Tedavi genellikle haftada iki kez seanslarla 10 hafta sürer. Uygun tedavi ile klostrofobinin üstesinden gelmek mümkündür.

Başa Çıkma İçin İpuçları 

İnsanların klostrofobi ile başa çıkmalarına yardımcı olabilecek stratejiler şunlardır:
  • bir atak olursa orada kalmayı, araba sürüyorsa, bu yolun kenarına çekmeyi ve belirtiler geçene kadar beklemeyi içerebilir.
  • korkutucu düşüncelerin ve duyguların geçeceğini kendinize hatırlatmak
  • korkutucu düşüncelerin ve duyguların geçeceğini kendinize hatırlatmak
  • yavaş ve derin nefes alma, her nefes için üçe kadar sayma
  • kendinize gerçek olmadığını hatırlatarak korkuya meydan okumak
  • olumlu sonuçları ve görüntüleri görselleştirmek
Uzun vadeli stratejiler arasında, bir yoga sınıfına katılmak, bir egzersiz programı hazırlamak ya da stres ile başa çıkmak için bir aromaterapi masajı rezervasyonu yapmak sayılabilir.
 

Nedenler

Geçmiş ya da çocukluk tecrübesi çoğu zaman bir kişinin küçük alanları panik ya da yakın bir tehlike hissiyle ilişkilendirmesine neden olan tetikleyicidir.
Bu etkiye sahip olabilecek deneyimler şunları içerebilir:
  • kazara ya da kasten hapsedilmiş ya da kapalı bir alanda tutulmak
  • çocuk olarak istismar veya kabadayılık
  • kalabalık bir bölgede ebeveynlerden veya arkadaşlardan ayrılma
  • klostrofobili bir ebeveyne sahip olmak
O dönemde yaşanan travma, kişinin gelecekte benzer bir durumla rasyonel olarak başa çıkma yeteneğini etkileyecektir. Bu klasik koşullanma olarak bilinir. Kişinin zihninin, küçük alanı veya kapalı alanı tehlikede olma hissi ile ilişkilendirdiğine inanılır.
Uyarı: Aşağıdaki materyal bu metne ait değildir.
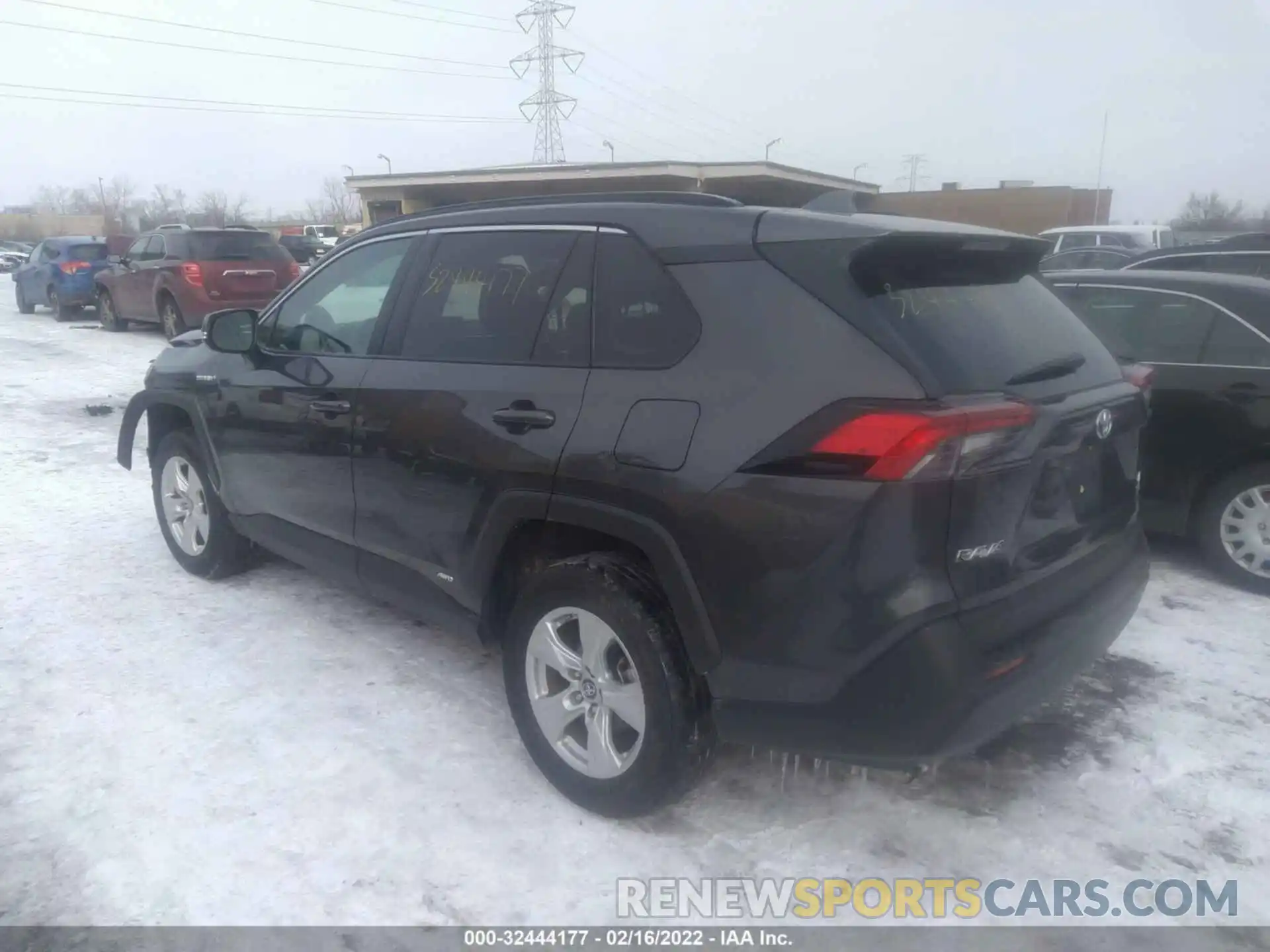 3 Photograph of a damaged car 2T3MWRFV8KW004450 TOYOTA RAV4 2019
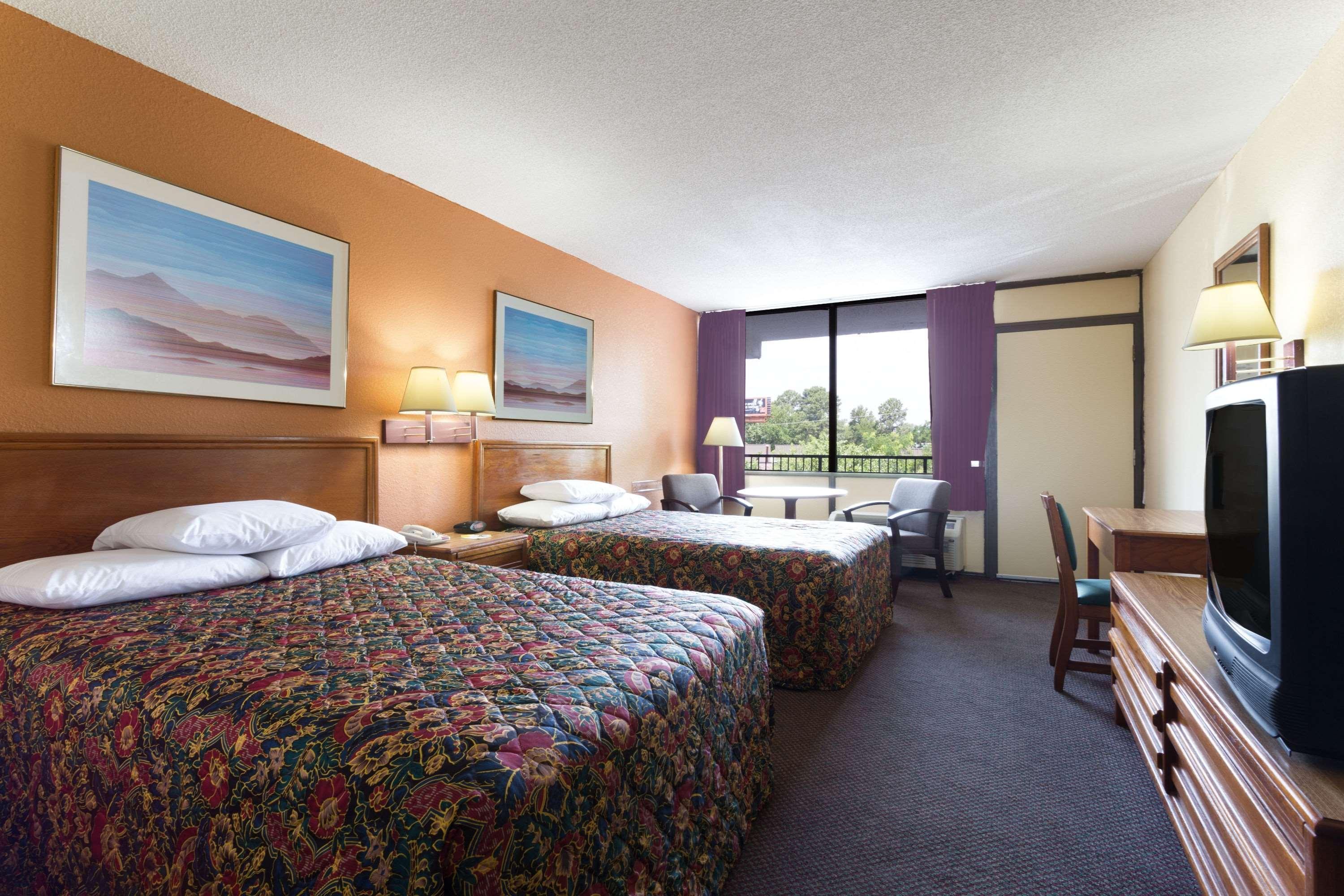 Days Inn By Wyndham Raleigh South Extérieur photo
Vücut daha sonra buna göre ya da mantıklı görünecek şekilde tepki verir. Klasik koşullanma, ebeveynlerden ya da akranlarından miras alınabilir. Bir ebeveyn, örneğin, kapalı alan korkusu varsa, çocuk davranışlarını gözlemleyebilir ve aynı korkuları geliştirebilir.
 

Muhtemel Genetik veya Fiziksel Faktörler

Klostrofobiyi açıklayabilecek diğer teoriler şunlardır:
  • Daha küçük bir amigdalaya sahip olmak: Beynin vücudun nasıl korku işlediğini kontrol eden kısmıdır.
  • Genetik faktörler: Hareketsiz bir evrimsel hayatta kalma mekanizması, bugünün dünyasında artık ihtiyaç duyulmayan reaksiyonlara neden olmaktadır.
Fare çalışmaları, tek bir genin bazı bireylerin daha yüksek derecede "saldırganın içinde bulunduğu stres" yaşamalarına neden olabileceğini göstermiştir. Bir grup araştırmacı, klostrofobi yaşayan kişilerin olayları olduğundan daha yakın algıladıklarını ve bunun bir savunma mekanizmasını tetiklediğini öne sürdüler.

Kaynakça

Bu makalenin orjinali Michael Paddock tarafından yazılmıştır.